UNITED STATES DISTRICT COURT DISTRICT OF NEVADA
May 16, 2012
3:12-cv-00202-LRH-WGC (D. Nev. May. 16, 2012)

Opinion

3:12-cv-00202-LRH-WGC

05-16-2012

TONY G. HEWITT, #50311 Plaintiff, v. RUBEN VIDAURRI, et al., Defendants.


SCREENING ORDER

This is a prisoner civil rights action filed pursuant to 42 U.S.C. § 1983. A decision on plaintiff's application to proceed in forma pauperis is temporarily deferred. The court now reviews the complaint (ECF #1-1).

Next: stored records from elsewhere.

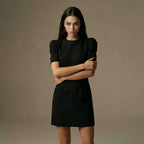 JANINE | Minikleid mit Puffärmeln
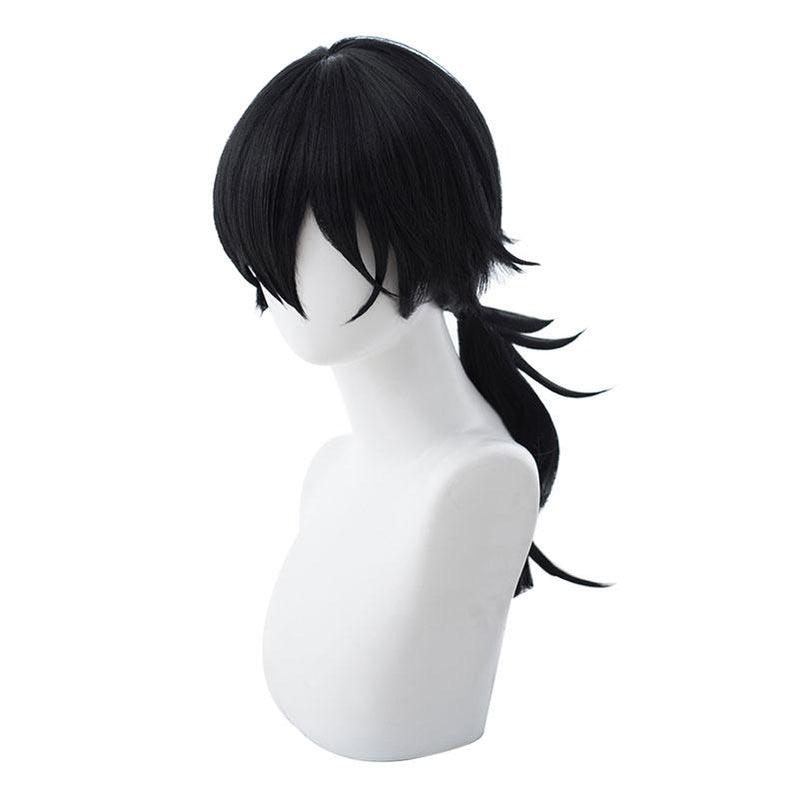 FGO Fate/Grand Order Ryouma Sakamoto 50cm Black Halloween Cosplay Wigs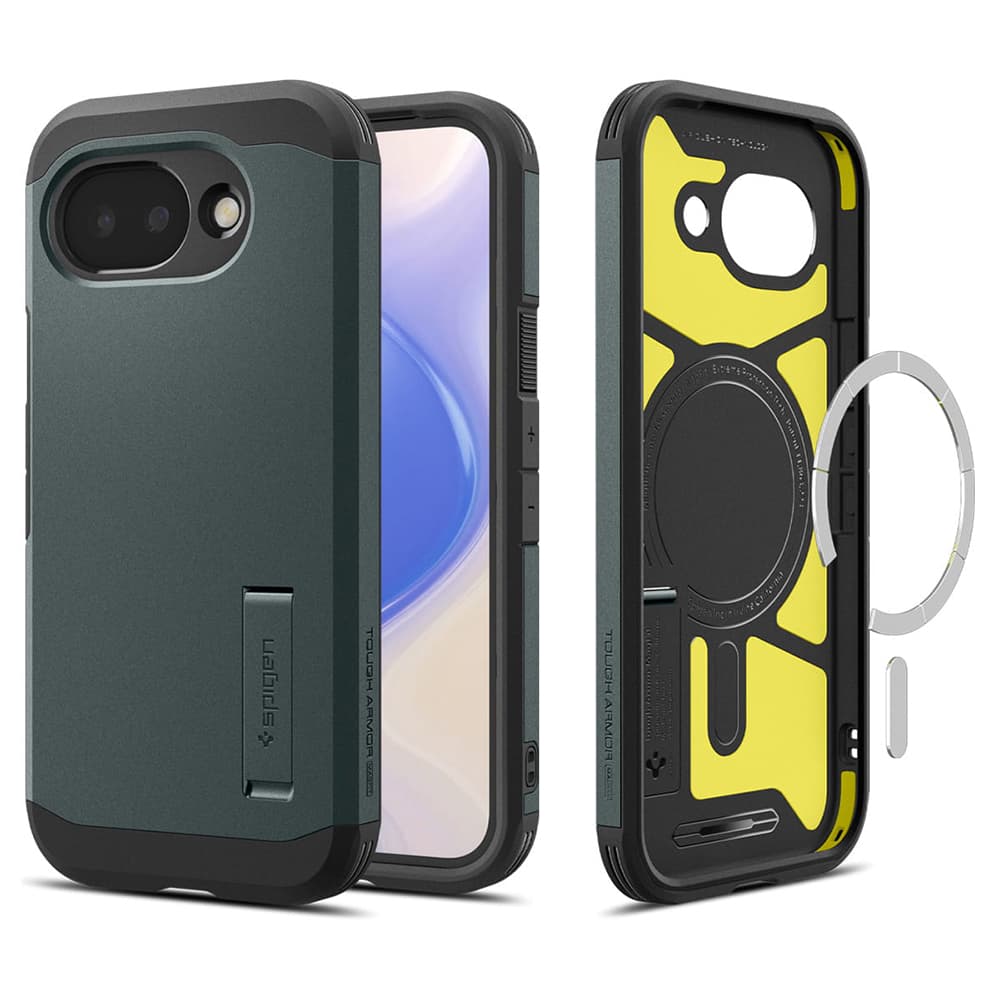 Kryt Spigen Tough Armor MagSafe pro Google Pixel 10a hlubinně zelený - náhled 1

I. Screening Pursuant to 28 U.S.C. § 1915A

Federal courts must conduct a preliminary screening in any case in which a prisoner seeks redress from a governmental entity or officer or employee of a governmental entity. See 28 U.S.C. § 1915A(a). In its review, the court must identify any cognizable claims and dismiss any claims that are frivolous, malicious, fail to state a claim upon which relief may be granted or seek monetary relief from a defendant who is immune from such relief. See 28 U.S.C. § 1915A(b)(1),(2). Pro se pleadings, however, must be liberally construed. Erickson v. Pardus, 551 U.S. 89, 94 (2007); Hebbe v. Pliler, 627 F.3d 338, 342 (9th Cir. 2010); Balistreri v. Pacifica Police Dep't, 901 F.2d. 696, 699 (9th Cir. 1988). To state a claim under 42 U.S.C. § 1983, a plaintiff must allege two essential elements: (1) that a right secured by the Constitution or laws of the United States was violated, and (2) that the alleged violation was committed by a person acting under color of state law. See West v. Atkins, 487 U.S. 42, 48 (1988).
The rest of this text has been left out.